Rather than taking the item home and then repaying the debt on a regular schedule, as in most installment plans or hire purchases, the layaway customer does not receive the item until it is completely paid for. There is sometimes a fee associated, since the seller must "lay" the item "away" in storage until the payments are completed. Because there is little risk involved for the seller, layaway can be readily offered to those with bad credit. If the transaction is not completed, the item is returned to stock; the customer's money may be returned in whole, returned less a fee, or forfeited entirely.

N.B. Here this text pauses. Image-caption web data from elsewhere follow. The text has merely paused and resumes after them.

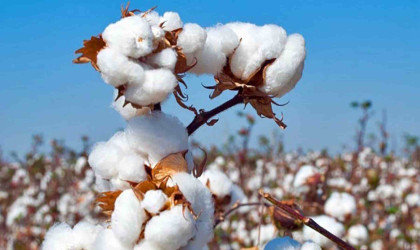 Bangladesh’s apparel sector to get tariff cuts under US cotton plan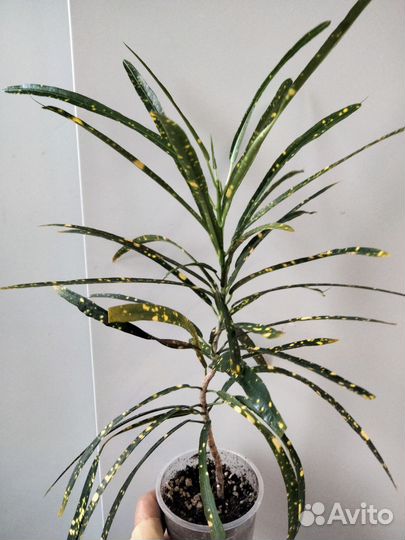 Кодеум (кротон) брызги шампанского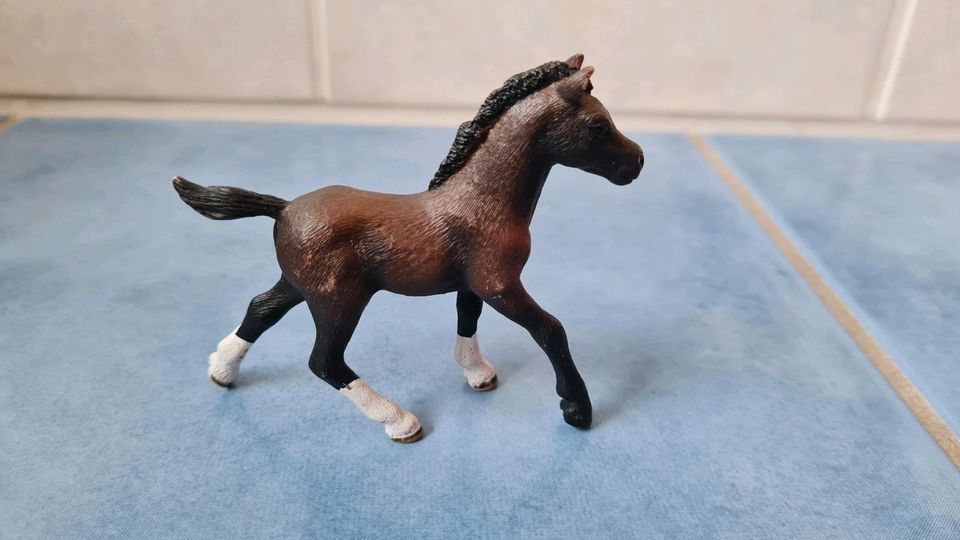 Schleich Pferd Fohlen Hannoveraner Trakehner Andalusier Araber in Schwanewede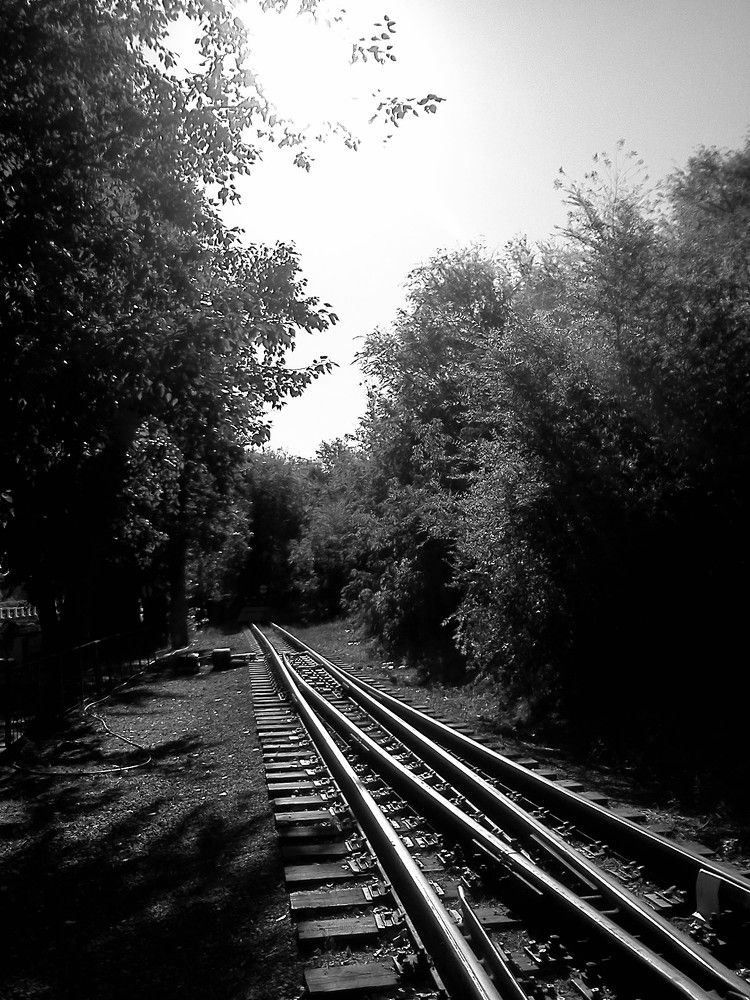 Photograph by карякина мария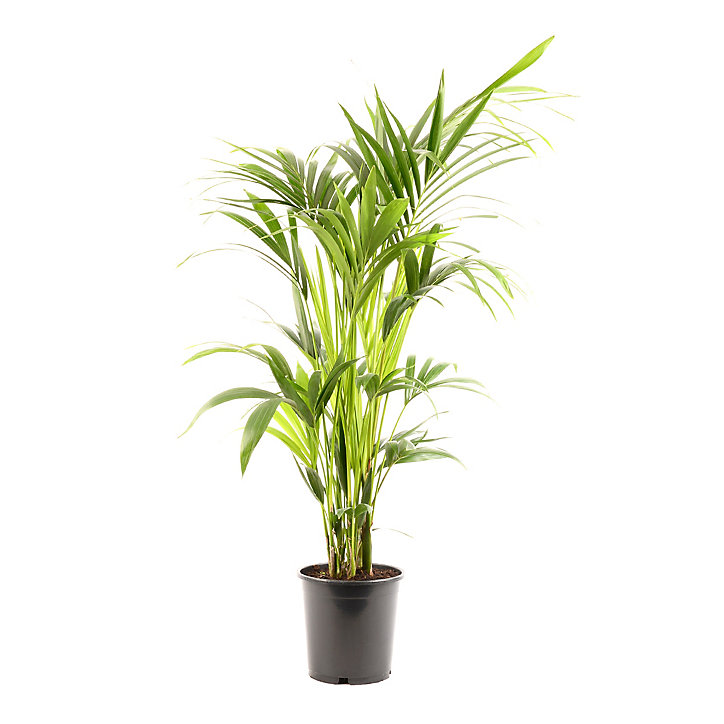 Howea forster 24cm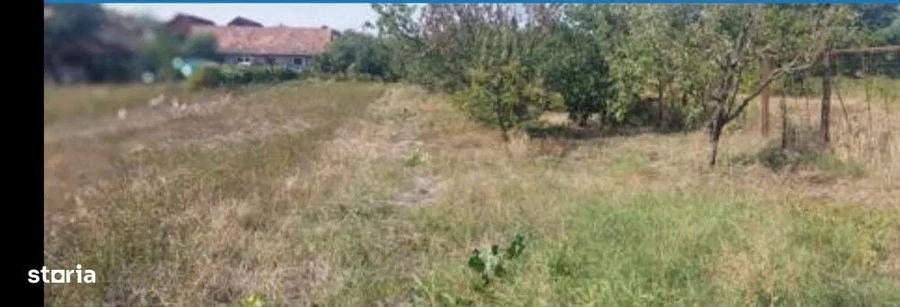 Teren de 934 mp, în Central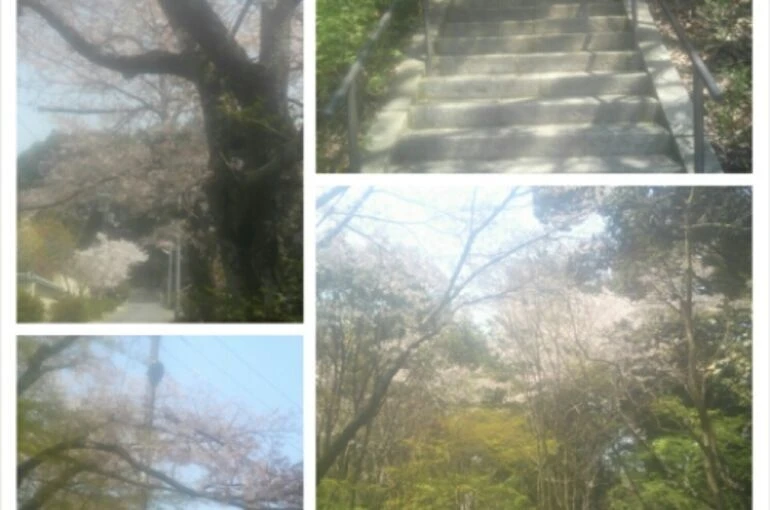 wpid-photogrid_1397048286892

The main advantage of layaway is that no interest is charged. However, the seller will be reinvesting the payments into ventures (usually the business itself) with an ROI at or above the risk-free rate, which is effectively interest forfeited to the seller. In addition, the price is fixed, availability is guaranteed by reserving the item in stock, and an item being purchased as a gift can be kept secret. Consumers may also gain a sense of living within their means.[2] However, consumers face potential financial loss in the case where a retailer declares bankruptcy prior to collecting the item.[3]

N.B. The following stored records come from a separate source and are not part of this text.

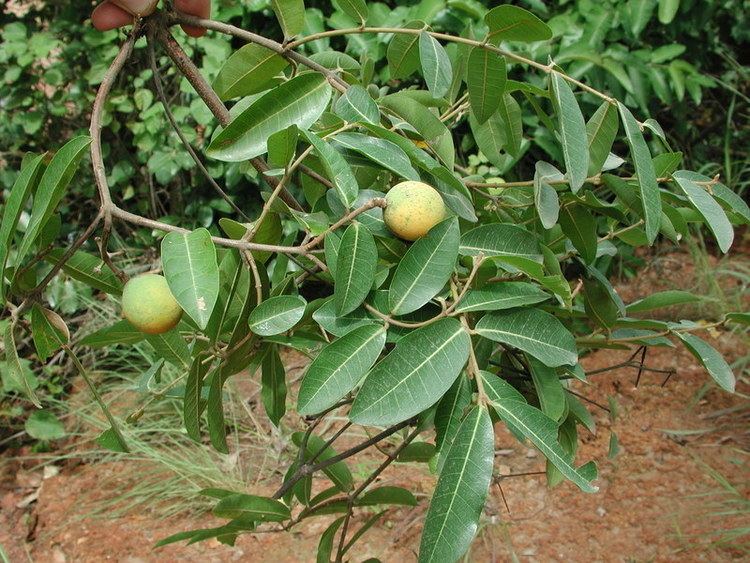 Landolphia Landolphia heudelotii Images Useful Tropical Plants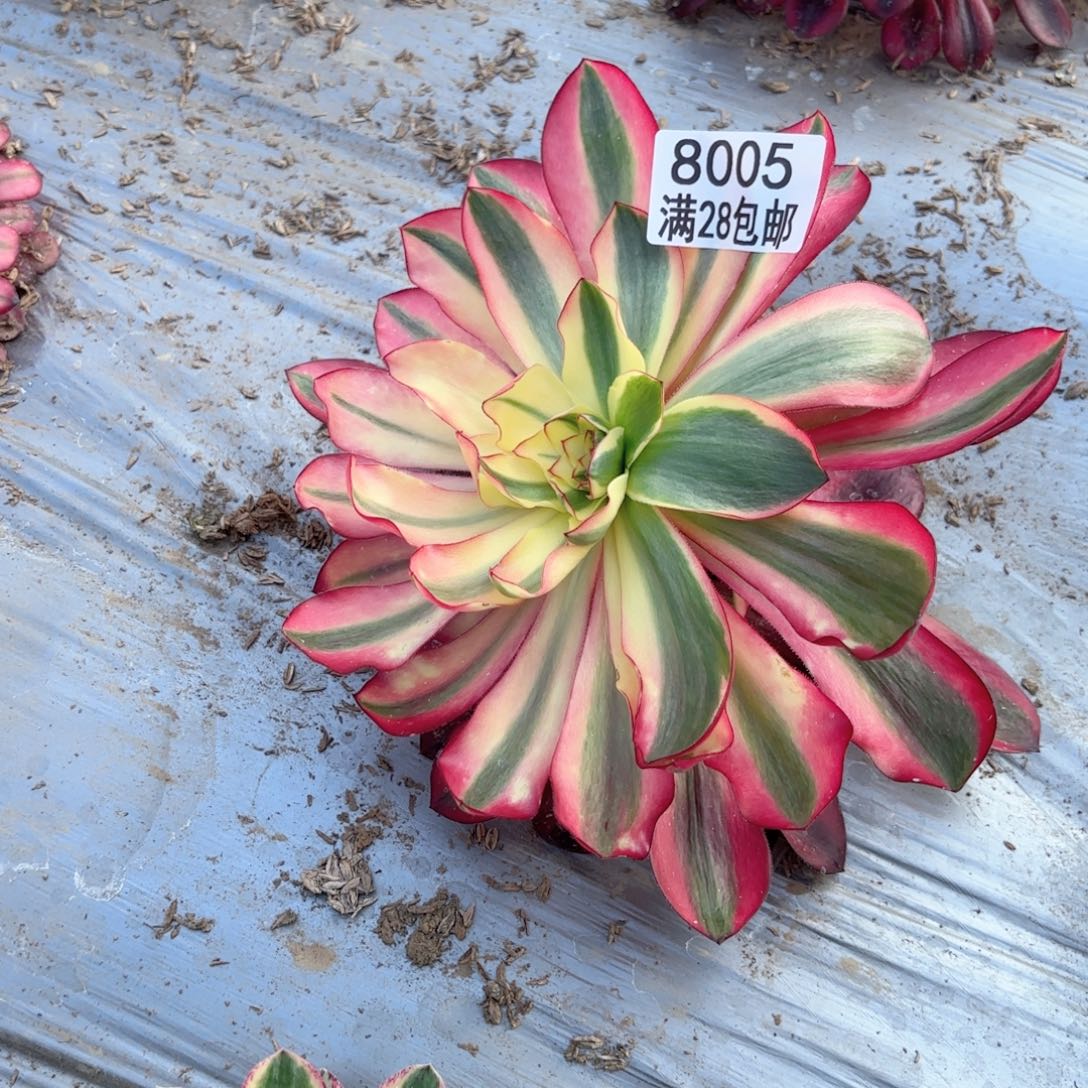 N. 8005阿波罗多肉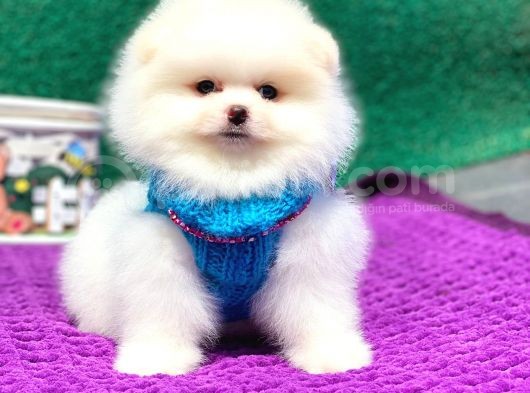 Pomeranian Boo Teddy Face Erkek Yavrumuz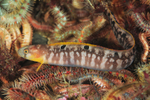 Pholis gunnellus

Layaway became common during the Great Depression of the 1930s. It was widely withdrawn during the 1980s,[4] as the ubiquity of credit cards decreased its utility. Wal-Mart announced in September 2006 that it would discontinue layaway service in all its stores, citing the decrease in demand and a rise in cost of implementation.[5] In September 2011, Wal-Mart resumed the service in the United States due to the new financial difficulties imposed by the economy and the increased constraints on consumer credit.[6] During the 2012 season, many retailers were heavily advertising their layaway service and offering it for free (or effectively free) if all conditions were met.[7] In contrast, Kmart has been providing layaway in the United States for over forty years,[8] and was at one time the only major national discount retailer offering the service.[9] Other large retailers offering layaway programs include Burlington Coat Factory, Marshalls, Sears, and T.J. Maxx. In Canada, it is available from many businesses including local bike shops, jewellers, and adventure holidays.[10]
Online layaway allows consumers to purchase items through scheduled deductions from a checking account.[11] [12] Online layaway simplifies layaway for both merchant and consumer by removing the costly, time-consuming storage and bookkeeping processes. Layaways remain at the distribution center during the layaway period instead of taking up valuable retail warehouse space.[13] Just as consumers used layaway payment plans to purchase products at brick and mortar stores in the past, they can also use layaway to pay for online products and services which serves as an alternative budgeting tool and a means to avoid debt and it can help consumers reserve a product that is hard to get or not always available due its high demand and popularity.[14] Products and services that have layaway offerings online vary from netbooks to home gyms and from concert tickets to layaway vacations.
Many stores offer layaway during the Christmas season, and it has been a tradition for some individuals to make holiday layaway donations, thus releasing the purchased items to the layaway participant.[15]
Guaranteed consumer funding is a type of credit similar to layaway, which allows consumers to purchase items on a payment plan regardless of their credit history.